La première pourrait être celle de l’échec complet de la diplomatie de la précédente Administration américaine. L’insinuation constante que l’Iran était le prochain pays où serait imposé un changement de régime a réussi à souder autour du président une population sourcilleuse quant à sa souveraineté et fière de voir le chef de l’Etat, malgré ses outrances, tenir tête à la première puissance du monde. Sa résistance vis-à-vis de Bush a fait d’Amedinedjad l’icône en habit de pauvre d’un nouvel anti-impérialisme comme le visage provocateur d’un certain Islam politique, et cela largement au-delà des frontières habituelles de l’influence iranienne. Or les Etats-Unis, aujourd’hui en plein aggiornamento, corrigent enfin la relecture néo-conservatrice du droit d’ingérence et renoncent à la croisade contre l’Axe du Mal. La dernière élection iranienne solderait donc surtout les comptes d’un passé d’erreurs occidentales. Et l’on pourrait même imaginer que, désormais privé d’ennemi, face à une Amérique moins sectaire et plus à même de se maîtriser, le régime iranien finisse par montrer son vrai visage : celui d’un système idéologiquement affaibli, prompt à s’auto-paralyser et inefficace sur le plan économique. Le "résistant" élu aujourd’hui pourrait ainsi devenir demain le bouc émissaire de la profonde insatisfaction iranienne. Ses soutiens actuels pourraient finalement se retourner contre lui pour sauver « leur » régime. Et il ne faudrait ainsi pas s’inquiéter outre mesure de la reconduction temporaire d’un fusible.

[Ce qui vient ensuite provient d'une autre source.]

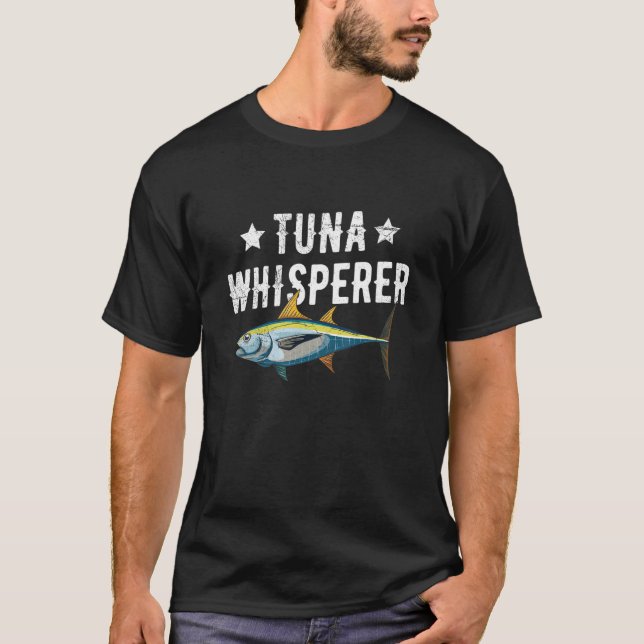 T-shirt Tuna Whisperer Quote for a Tuna Fisherman (Devant)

La seconde lecture possible est celle d’un succès complet de la seconde génération de la Révolution islamique, celle des miliciens laïcs et de leurs clients. L’essentiel est désormais le respect extérieur du code de conduite islamique et l’allégeance aux hommes du régime. Cette situation a réussi à souder autour de l’élite dirigeante et des gardiens de la révolution une coalition d’intérêts stable, soucieuse de maintenir ses rentes : dons en nature, allocations, passe-droits, contrats, prébendes. La résistance de cette économie de rente a fait d’Amedinedjad le protecteur d’un vaste système de prédation et de compromis, figure paradoxale de la conservation et de la stabilité, d’autant plus attractive qu’il apparaît lui-même incorruptible. Les Etats-Unis peuvent évoluer, cette donne en Iran ne changera pas pour autant. Et l’on pourrait même imaginer que, désormais sans échéance à préparer, le régime iranien accentue ses travers : la substitution systémique de la fidélité idéologique et personnelle aux compétences, la part belle faite aux miliciens, le désintérêt pour la production, la monnaie, les échanges internationaux. Le militant devenu président pourrait devenir le modèle alternatif proposé à la jeunesse de l’Iran et du monde musulman : piètre, pauvre mais pieux... Et au lieu de l’émancipation économique et identitaire initialement promise par la révolution islamique, on assisterait à une "talibanisation" de son message : "Désertez les écoles, abandonnez les technologies et la culture, tournez le dos au profit matériel qui est la religion des impies, contentez-vous de les combattre et laissez l’histoire vous donner raison". C’est de l’impact mondial de cette révolution anti-moderne sur le monde islamique dans son ensemble, qu’il serait temps de s’inquiéter. Autant que d’une bombe.